Re: [ClusterLabs] Disabled resources after parallel removing of group

2024-05-17 Thread alexey
Hi Alexander,

 

AFAIK, Pacemaker itself only have deal with XML-based configuration database, 
shared across all cluster. Each time you call pcs or any other tool it takes 
XML (or part of it) from pacemaker, tweaks it and then push it back to 
Pacemaker. Each time XML is pushed, Pacemaker completely rethink the new 
config, look to the current state and schedule changes from current state to 
target state. I can’t point you to exact place in the docs where this 
described, but this from Pacemaker docs.

 

Therefore, each use of pcs command triggering this process immediately. Seems 
that some async-driven side effects may happen from this. Then, you may do ANY 
count of changes in one stroke if Pacemaker got the new config with all these 
changes. So, you need to enforce management tools FIRST prepare all changes and 
THEN push it all at once. And then you have no need to complete separate 
changes in background because the preparation is very fast. And final 
application will be done at max possible speed too.

 

Miroslav exampled how to manage bulk delete, but this is the common way to 
manage massive change. Any operations could be done! You take the Pacemaker CIB 
to a file, complete all the changes against the file instead write each one to 
CIB and then push the total back, then Pacemaker will schedule all changes.

 

You may put ANY commands in any mix: add, change, delete, but use -f  
option for changes to be done against file. You may keep original to push diff 
(as at Miroslav example), or you may just push whole changed config, AFAIK, 
there no difference.

 

###

# Make a copy of CIB into local file

pcs cluster cib config.xml

 

# do changes against file

pcs -f config.xml resource add 

 

pcs -f config.xml constraint

 

pcs -f config.xml resource disable 

 

pcs -f config.xml resource remove 

 

# And finally push the whole ‘configuration’ scope back (mind there no diff, 
but push only config scope)

pcs cluster cib-push config.xml –config

 



 

And Pacemaker apply all changes at once.

 

Miroslav’s example taken from pcs man page 
<https://manpages.ubuntu.com/manpages/jammy/man8/pcs.8.html>  for command 
‘cluster cib-push’. My example works too.

 

Have a good failover! Means no failover at all )))

 

Alex

 

 

From: Users  On Behalf Of Александр Руденко
Sent: Friday, May 17, 2024 6:46 PM
To: Cluster Labs - All topics related to open-source clustering welcomed 

Subject: Re: [ClusterLabs] Disabled resources after parallel removing of group

 

Miroslav, thank you! 

It helps me understand that it's not a configuration issue.

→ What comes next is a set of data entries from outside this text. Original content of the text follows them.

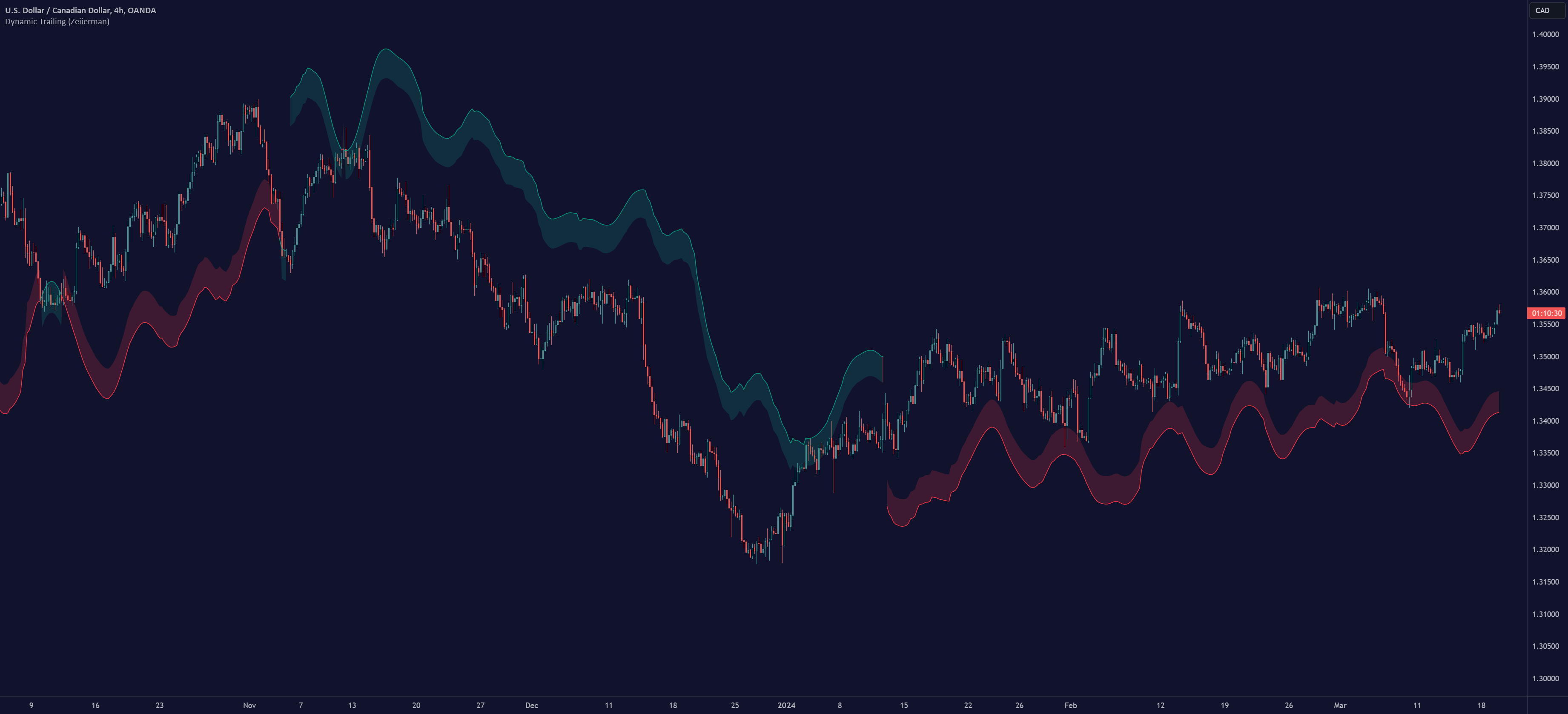 zeiierman's tweet card. █ Overview The Dynamic Trailing (Zeiierman) indicator enhances the traditional SuperTrend approach by providing a more nuanced, adaptable tool for trend analysis and market volatility assessment. It...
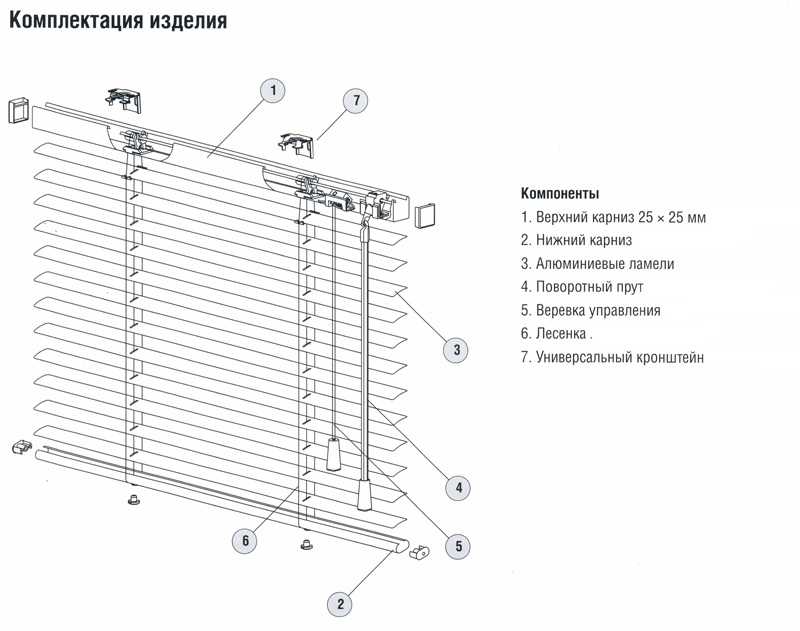 Типы горизонтальных жалюзи для пластиковых окон, фото в интерьере, советы по выбору
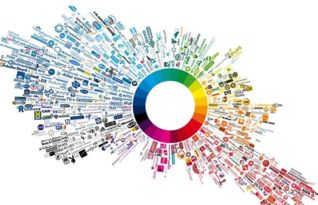 数字营销与传统营销的交汇 技术服务如何赋能营销革新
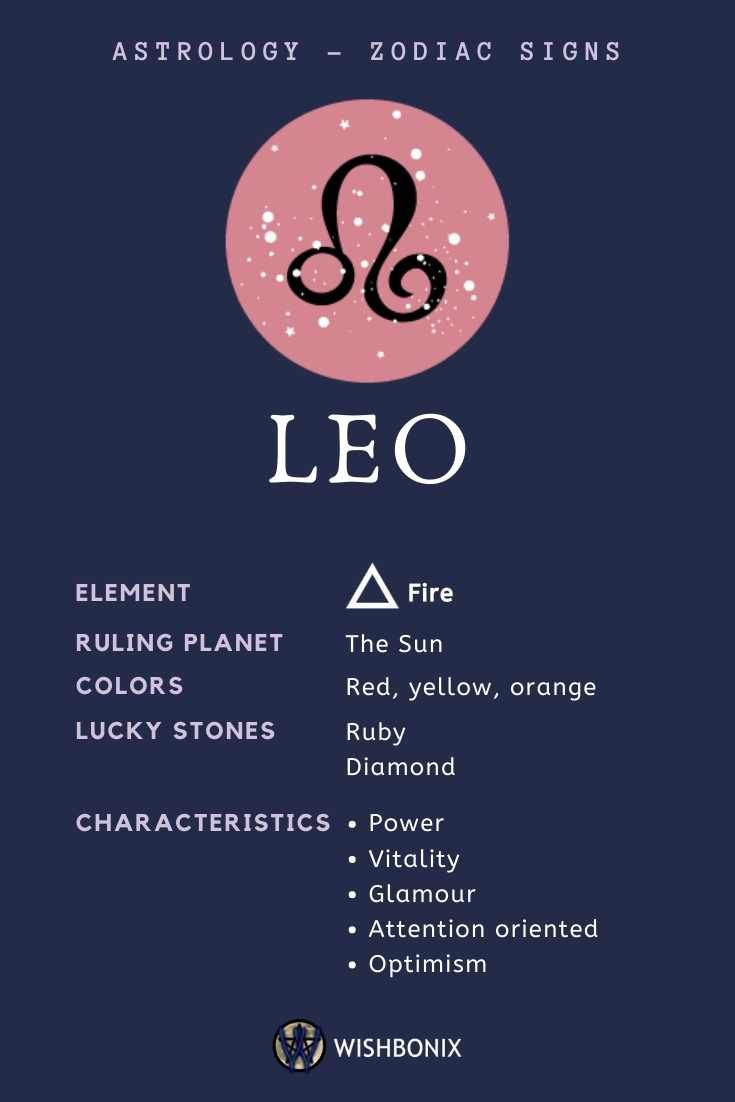 Leo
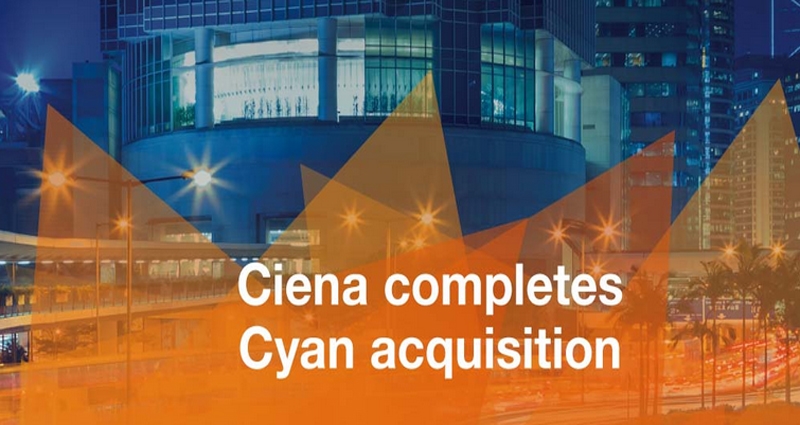 ciena crompra cyan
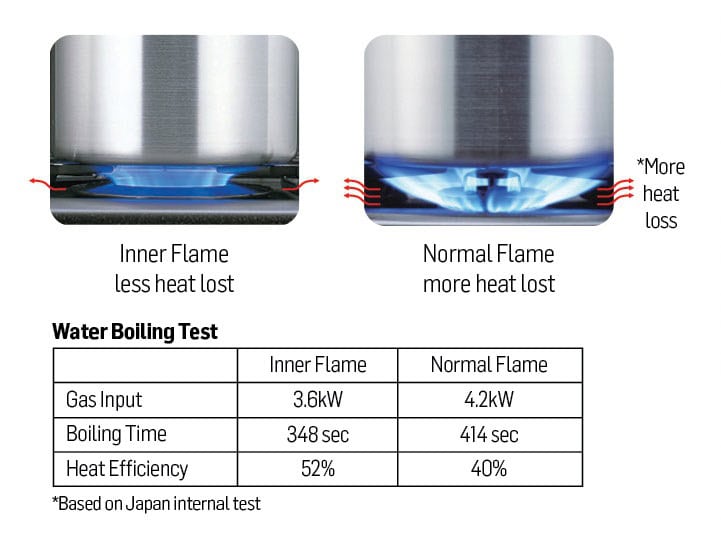 Rinnai-inner-flame-vs-normal-flame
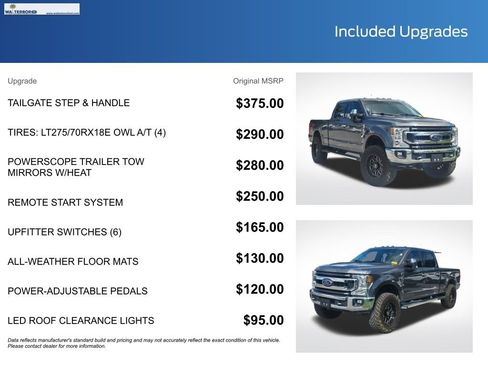 Used 2022 Ford F350 XLT w/ XLT Premium Package AWD/4WD image 23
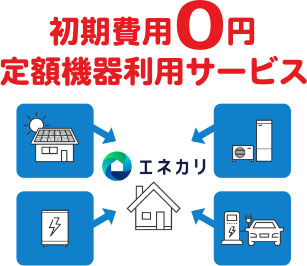 定額機器利用サービス「エネカリ」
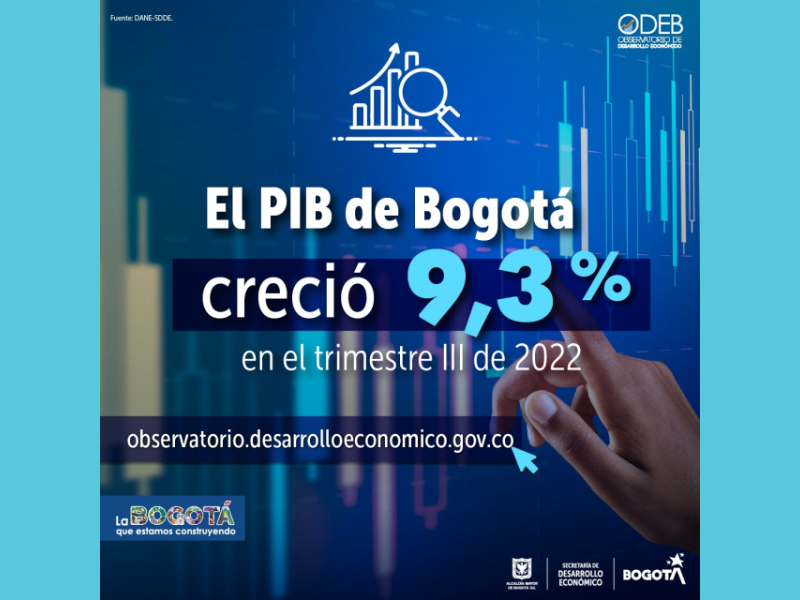 CRECIMIENTO DEL PIB DE BOGOTÁ EN EL TERCER TRIMESTRE DE 2022 SE UBICÓ EN 9,3%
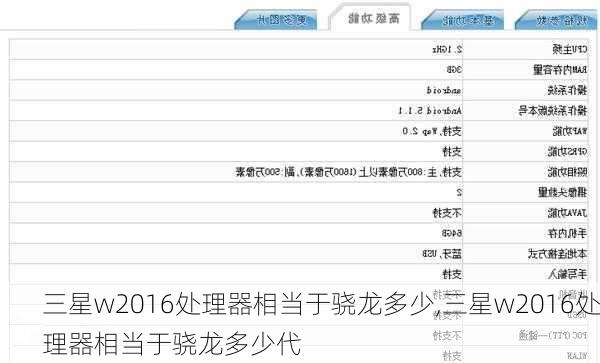 三星w2016处理器相当于骁龙多少,三星w2016处理器相当于骁龙多少代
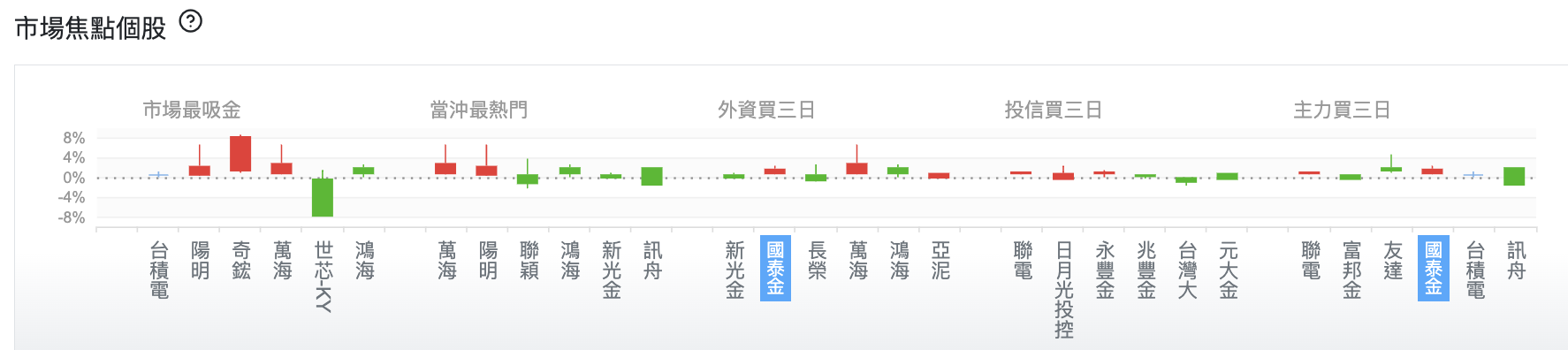台股盤中市場焦點個股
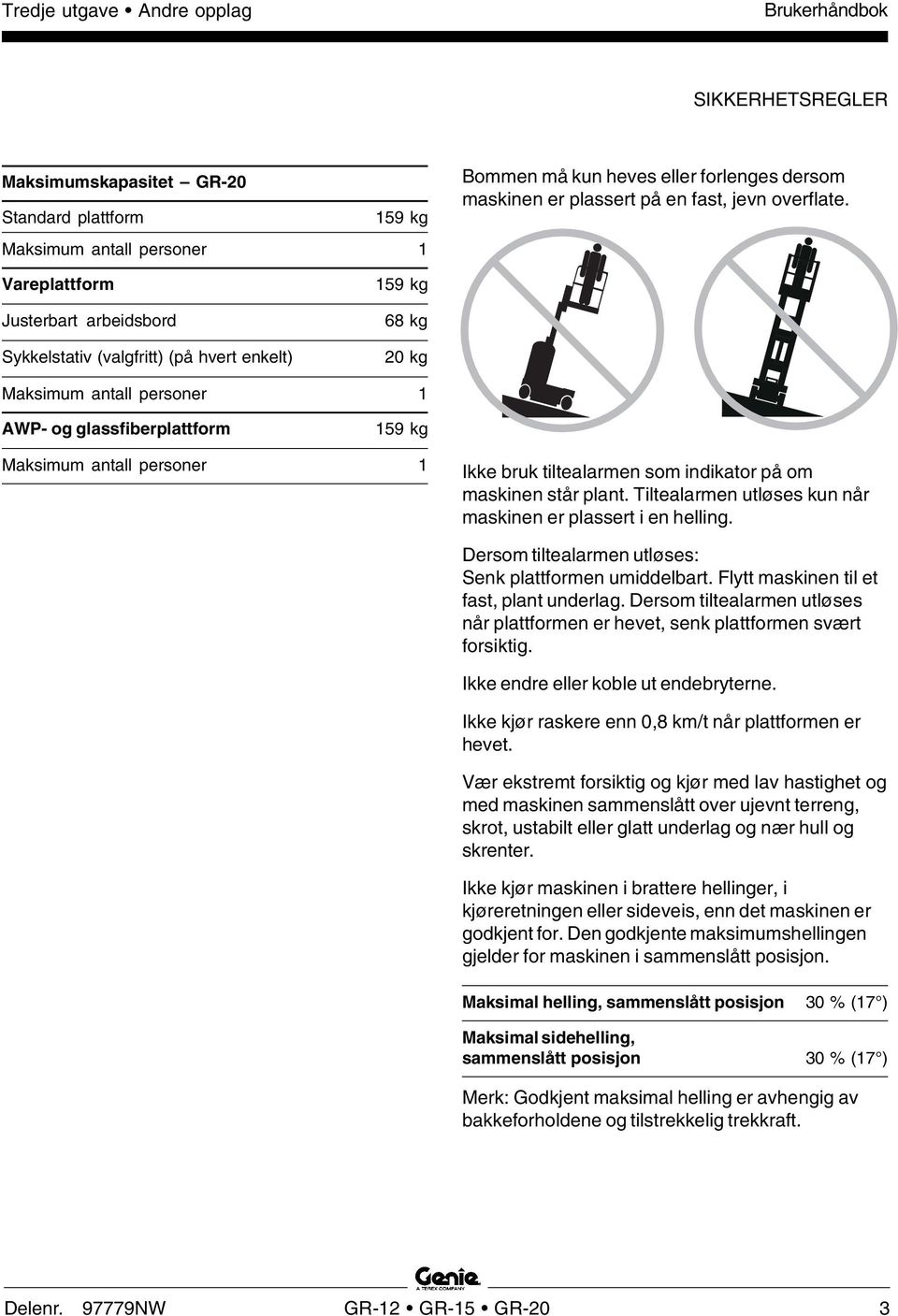 Vareplattform Justerbart arbeidsbord Sykkelstativ (valgfritt) (på hvert enkelt) 159 kg 68 kg 20 kg Maksimum antall personer 1 AWP- og glassfiberplattform 159 kg Maksimum antall personer 1 Ikke bruk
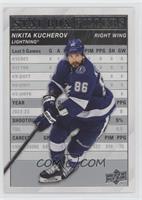 Nikita Kucherov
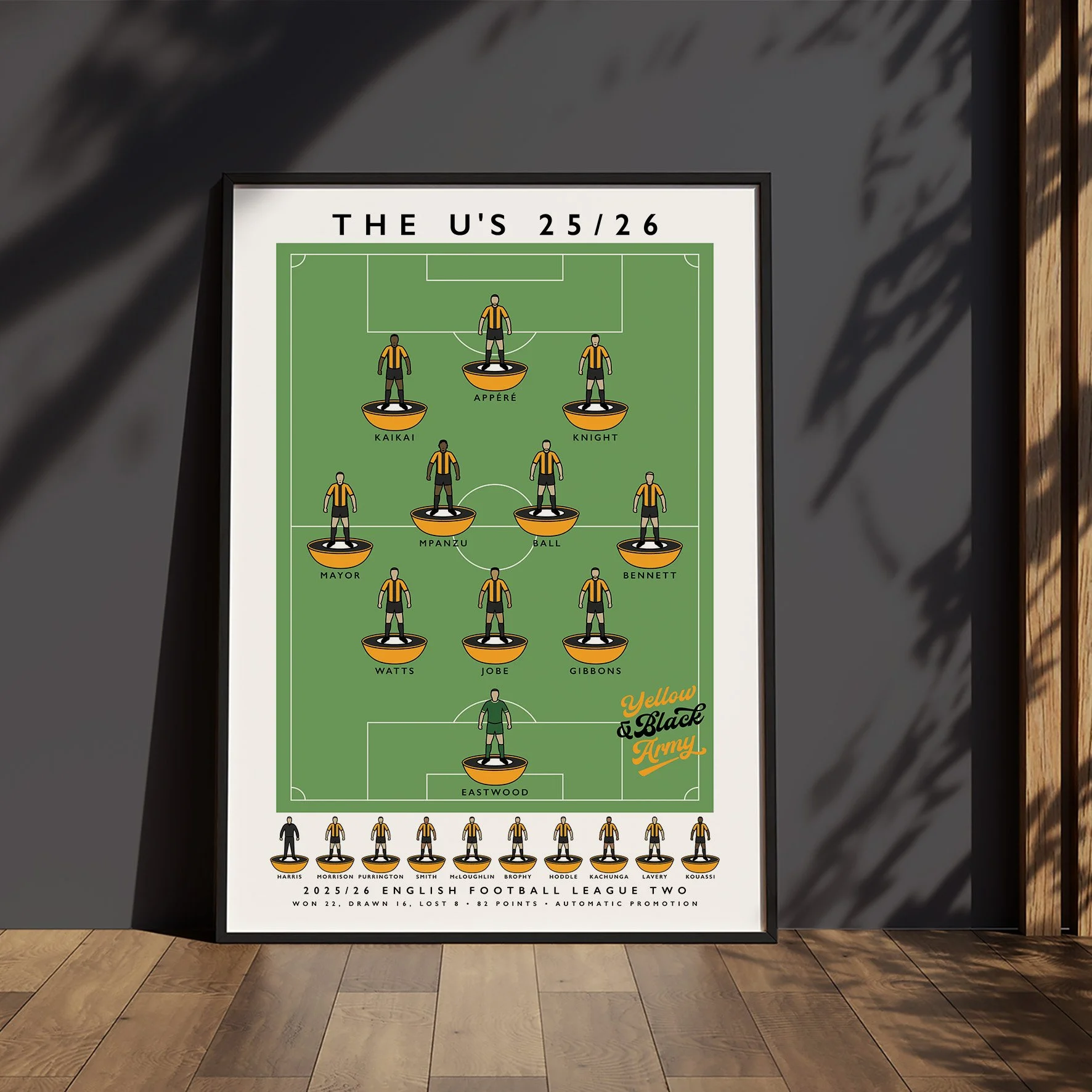 Cambridge United The U's 25/26 Poster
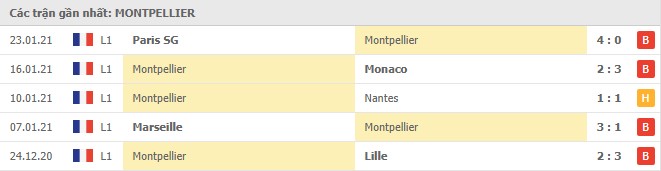 Soi kèo Metz vs Montpellier, 04/02/2021 - VĐQG Pháp [Ligue 1] 6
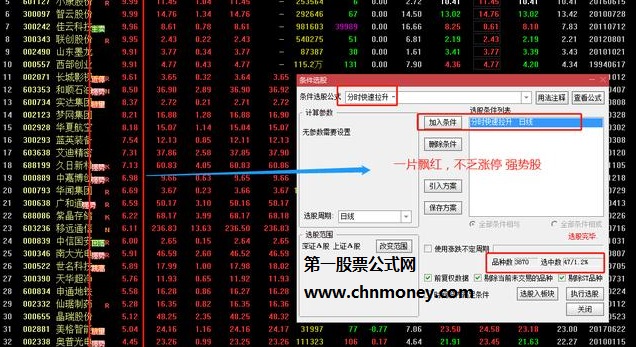 送福利！送福利了！通达信多款选股器内附含有公式源码，大家可直接去复制粘贴，所出票高上常飘红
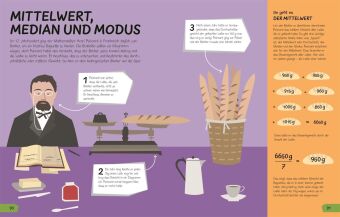Wozu eigentlich Mathe?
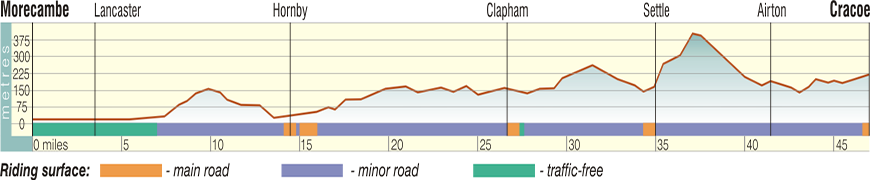 Route Profile - Morecambe to Cracoe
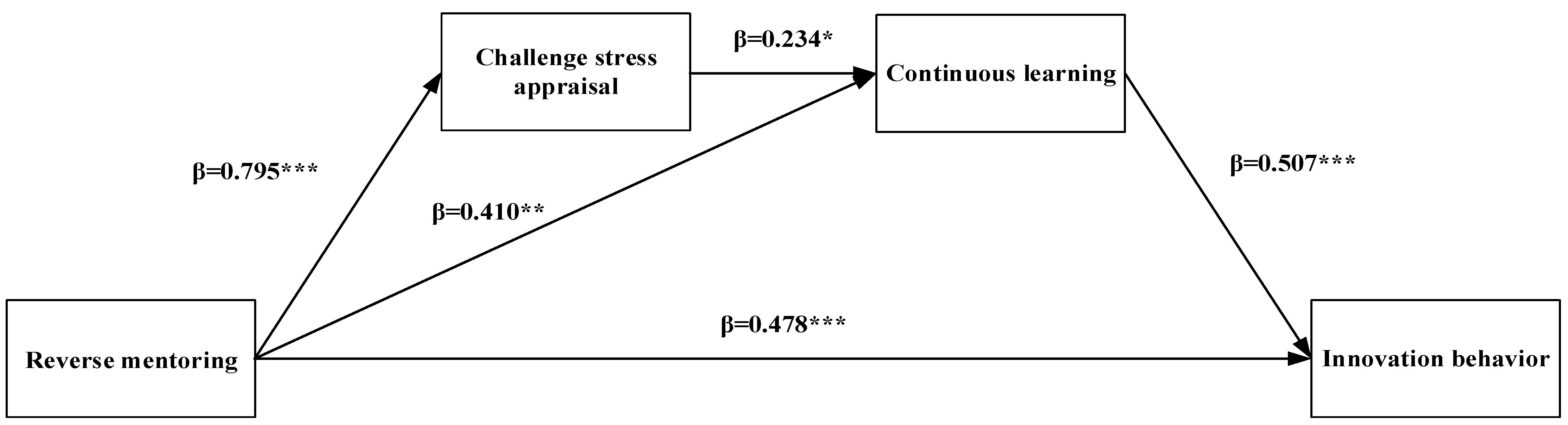 Sustainability 17 00006 g002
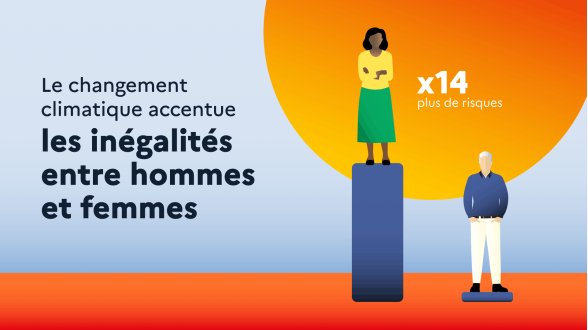 Femmes et climat : premières touchées, premières actrices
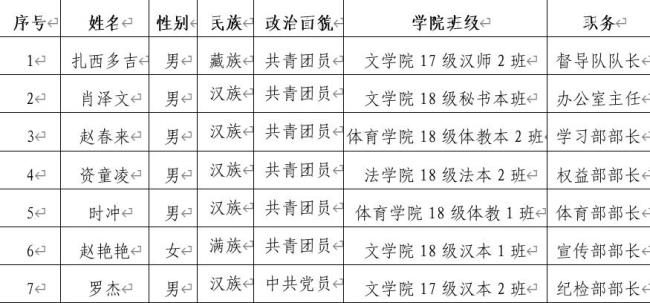 西藏民族大学为啥分数那么低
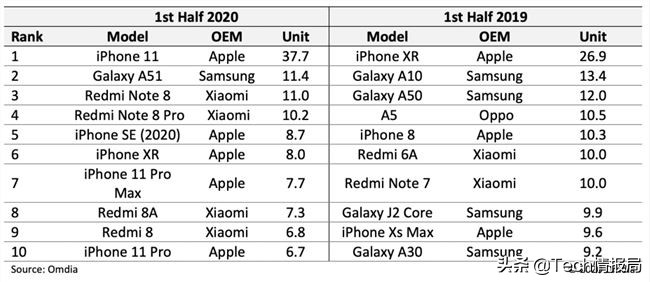 上半年度最热销型号公布：小米手机抢尽三星可谓是，iPhone成较大大赢家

BTW, is it okay to create new resources in parallel?

On timeline it looks like:

pcs resource create resA1  --group groupA

pcs resource create resB1  --group groupB
resA1 Started
pcs resource create resA2  --group groupA

res B1 Started
pcs resource create resB2  --group groupB

res A2 Started

res B2 Started

 

For now, it works okay)

In our case, cluster events like 'create' and 'remove' are generated by users, 
and for now we don't have any queue for operations. But now, I realized that we 
need a queue for 'remove' operations. Maybe we need a queue for 'create' 
operations to?

 

пт, 17 мая 2024 г. в 17:49, Miroslav Lisik mailto:mli...@redhat.com> >:

Hi Aleksandr!

It is not safe to use `pcs resource remove` command in parallel because
you run into the same issues as you already described. Processes run by
remove command are not synchronized.

Unfortunately, remove command does not support more than one resource
yet.

If you really need to remove resources at once you can use this method:
1. get the current cib configuration:
pcs cluster cib > original.xml

2. create a new copy of the file:
cp original.xml new.xml

3. disable all to be removed resources using -f option and new
configuration file:
pcs -f new.xml resource disable ...

4. remove resources using -f option and new configuration file:
pcs -f new.xml resource remove 
...

5. push new cib configuration to the cluster
pcs cluster cib-push new.xml diff-against=original.xml


On 5/17/24 13:47, Александр Руденко wrote:
> Hi!
> 
> I am new in the pacemaker world, and I, unfortunately, have problems 
> with simple actions like group removal. Please, help me understand when 
> I'm wrong.
> 
> For simplicity I will use standard resources like IPaddr2 (but we have 
> this problem on any type of our custom resources).
> 
> I have 5 groups like this:
> 
> Full List of Resources:
>* Resource Group: group-1:
>  * ip-11 (ocf::heartbeat:IPaddr2): Started vdc16
>  * ip-12 (ocf::heartbeat:IPaddr2): Started vdc16
>* Resource Group: group-2:
>  * ip-21 (ocf::heartbeat:IPaddr2): Started vdc17
>  * ip-22 (ocf::heartbeat:IPaddr2): Started vdc17
>* Resource Group: group-3:
>  * ip-31 (ocf::heartbeat:IPaddr2): Started v

Re: [ClusterLabs] Disabled resources after parallel removing of group

2024-05-17 Thread Александр Руденко
Miroslav, thank you!

It helps me understand that it's not a configuration issue.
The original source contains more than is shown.